Blend of black teas popular in Britain

Prince of Wales tea blend is a blend of Keemun tea, gunpowder green tea, and a dash of currant juice or infused with dried currants. This produces a full-bodied cup with a bright liquor and strong aroma. It was named after Edward, Prince of Wales, who held that title from 1911 until 1936.

The blend was originally devised for Edward, Prince of Wales (later King Edward VIII and after his abdication, the Duke of Windsor).

==History==
Prince Edward first granted Twinings permission to sell his personal blend using his royal title in 1921. Although Twinings has largely withdrawn its Prince of Wales tea from the United Kingdom market, it is still offered abroad, according to Twinings's official regional websites. On its American packaging Twinings stated that

Prince of Wales is a pure China black tea sourced from regions including the Yunnan province and other southern regions of China. This blend is light in color and has a smooth and mild taste, with a well-rounded character. Great in the late morning or in the afternoon, it is perfect with or without milk and can be sweetened to taste.
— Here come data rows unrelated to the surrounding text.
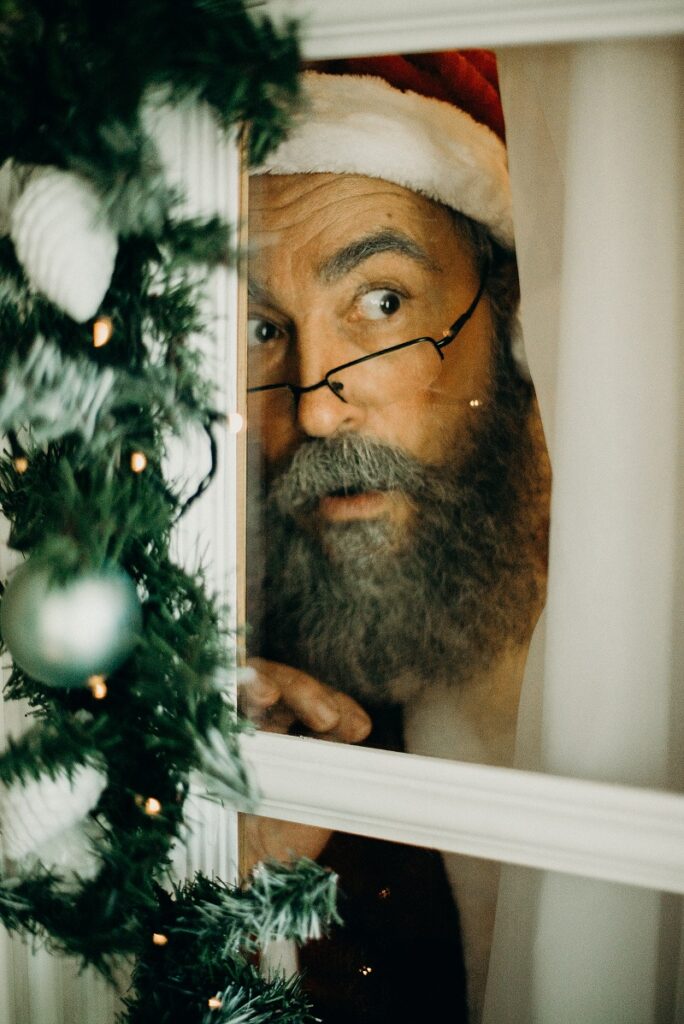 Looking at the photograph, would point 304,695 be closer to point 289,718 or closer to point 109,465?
point 289,718

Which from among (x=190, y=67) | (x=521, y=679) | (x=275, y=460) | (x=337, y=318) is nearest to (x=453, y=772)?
(x=521, y=679)

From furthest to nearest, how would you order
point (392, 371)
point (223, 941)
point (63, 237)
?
point (392, 371) < point (223, 941) < point (63, 237)

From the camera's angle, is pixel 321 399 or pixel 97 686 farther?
pixel 321 399

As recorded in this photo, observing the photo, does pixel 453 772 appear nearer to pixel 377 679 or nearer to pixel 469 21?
pixel 377 679

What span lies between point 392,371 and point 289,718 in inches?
18.3

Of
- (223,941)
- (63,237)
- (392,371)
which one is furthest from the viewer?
(392,371)

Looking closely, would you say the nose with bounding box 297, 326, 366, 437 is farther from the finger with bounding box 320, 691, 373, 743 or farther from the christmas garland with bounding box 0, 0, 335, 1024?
the finger with bounding box 320, 691, 373, 743

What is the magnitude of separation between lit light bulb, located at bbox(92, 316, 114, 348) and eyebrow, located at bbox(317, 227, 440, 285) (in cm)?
32

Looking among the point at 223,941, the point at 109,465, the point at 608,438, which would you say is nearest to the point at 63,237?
the point at 109,465

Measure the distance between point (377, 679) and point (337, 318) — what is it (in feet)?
1.48

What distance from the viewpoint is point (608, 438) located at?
2.61 ft

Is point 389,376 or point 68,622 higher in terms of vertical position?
point 389,376

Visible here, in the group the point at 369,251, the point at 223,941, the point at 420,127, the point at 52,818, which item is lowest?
the point at 223,941

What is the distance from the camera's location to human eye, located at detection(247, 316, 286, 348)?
93 cm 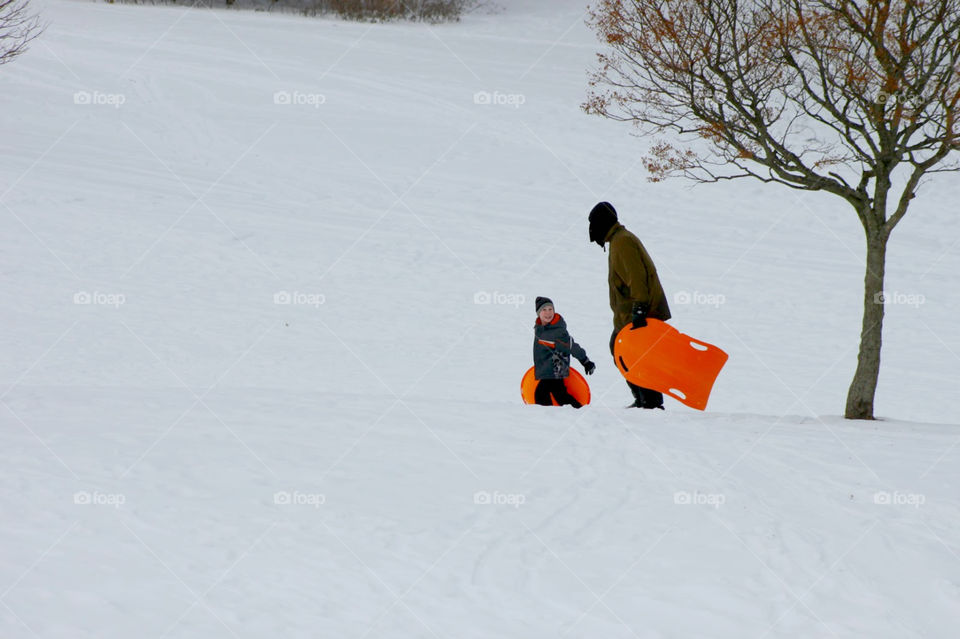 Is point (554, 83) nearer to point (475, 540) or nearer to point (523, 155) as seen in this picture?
point (523, 155)

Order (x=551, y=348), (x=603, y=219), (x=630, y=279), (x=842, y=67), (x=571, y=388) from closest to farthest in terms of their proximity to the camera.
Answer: (x=842, y=67) < (x=630, y=279) < (x=603, y=219) < (x=551, y=348) < (x=571, y=388)

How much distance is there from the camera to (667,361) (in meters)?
7.30

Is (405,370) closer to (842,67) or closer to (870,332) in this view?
(870,332)

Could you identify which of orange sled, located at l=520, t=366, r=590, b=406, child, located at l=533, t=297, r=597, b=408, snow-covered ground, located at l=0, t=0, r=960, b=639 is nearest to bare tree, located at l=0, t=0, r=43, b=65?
snow-covered ground, located at l=0, t=0, r=960, b=639

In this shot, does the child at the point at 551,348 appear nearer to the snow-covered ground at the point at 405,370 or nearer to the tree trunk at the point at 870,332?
the snow-covered ground at the point at 405,370

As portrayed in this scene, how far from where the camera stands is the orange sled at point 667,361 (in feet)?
23.8

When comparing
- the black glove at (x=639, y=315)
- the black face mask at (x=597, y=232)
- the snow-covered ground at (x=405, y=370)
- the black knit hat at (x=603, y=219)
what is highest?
the black knit hat at (x=603, y=219)

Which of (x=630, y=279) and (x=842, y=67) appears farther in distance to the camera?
(x=630, y=279)

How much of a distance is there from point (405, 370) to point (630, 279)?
4.62 metres

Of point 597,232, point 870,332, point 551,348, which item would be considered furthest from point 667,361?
point 870,332

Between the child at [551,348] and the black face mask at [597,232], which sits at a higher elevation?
the black face mask at [597,232]

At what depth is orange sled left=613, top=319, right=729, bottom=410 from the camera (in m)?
7.26

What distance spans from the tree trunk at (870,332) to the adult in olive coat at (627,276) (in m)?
1.88

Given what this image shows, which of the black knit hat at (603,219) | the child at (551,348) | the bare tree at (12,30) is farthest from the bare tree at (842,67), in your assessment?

However, this is a curious change to the supposed historical fact given on Twining's old Prince of Wales tea tins which read :
A blend of carefully selected finest Keemun black teas considered by connoisseurs to be one of the finest Chinese teas.

As with many tea blends, such as Earl Grey and English breakfast, there is no set formula for what teas go into a Prince of Wales blend. Many tea companies now produce blends with this name. In Germany the Paul Schrader GmbH & Co. KG Bremen (founded in 1921) has offered a version since 1958 consisting of Chinese black teas and Darjeeling with a pinch of Lapsang souchong.